A Third Circuit panel considering a pair of lawsuits filed against dozens of oil industry giants kept the cases in state court in an opinion filed last week. The climate change suits, the judges found, cannot be removed to federal court as they do not concern federal law.
The lawsuits were filed by the state of Delaware and the city of Hoboken, N.J., seeking recompense under state law for environmental damage, which the plaintiffs say was caused by the oil industry defendants. The defendants attempted to remove both cases to federal court, the opinion said, arguing that the tort claims were truly federal in nature, concerned “substantive federal issues,” and concerned oil production in federally overseen waters.
In supporting their decision to keep the cases in state court appellate judges noted that four other circuits have rejected these attempts.. They ruled that the claims cannot be tried in federal court because they allege breaches of state tort law, and do not raise a substantial question of federal law. They rejected arguments that the claims were preempted by federal law, and that the claims raise First Amendment concerns.

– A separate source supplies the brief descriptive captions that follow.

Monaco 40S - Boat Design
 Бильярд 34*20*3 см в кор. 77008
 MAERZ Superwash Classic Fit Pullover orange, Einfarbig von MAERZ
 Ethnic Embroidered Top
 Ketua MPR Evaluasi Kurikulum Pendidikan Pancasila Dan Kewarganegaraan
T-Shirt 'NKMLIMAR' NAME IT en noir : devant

The court also rejected the defendants’ arguments that the cases can be tried under federal law because it concerns offshore oil extraction, statutorily the purview of federal courts. However, the court found that the suit, concerning coastal environmental damage caused by sea level rise, was too far removed from the act of oil drilling for the statute to apply.
“Climate change is an important problem with national and global implications. But federal courts cannot hear cases just because they are important. The Constitution restricts us to re-solving claims that are about federal law or that Congress has expressly authorized us to hear,” the opinion stated.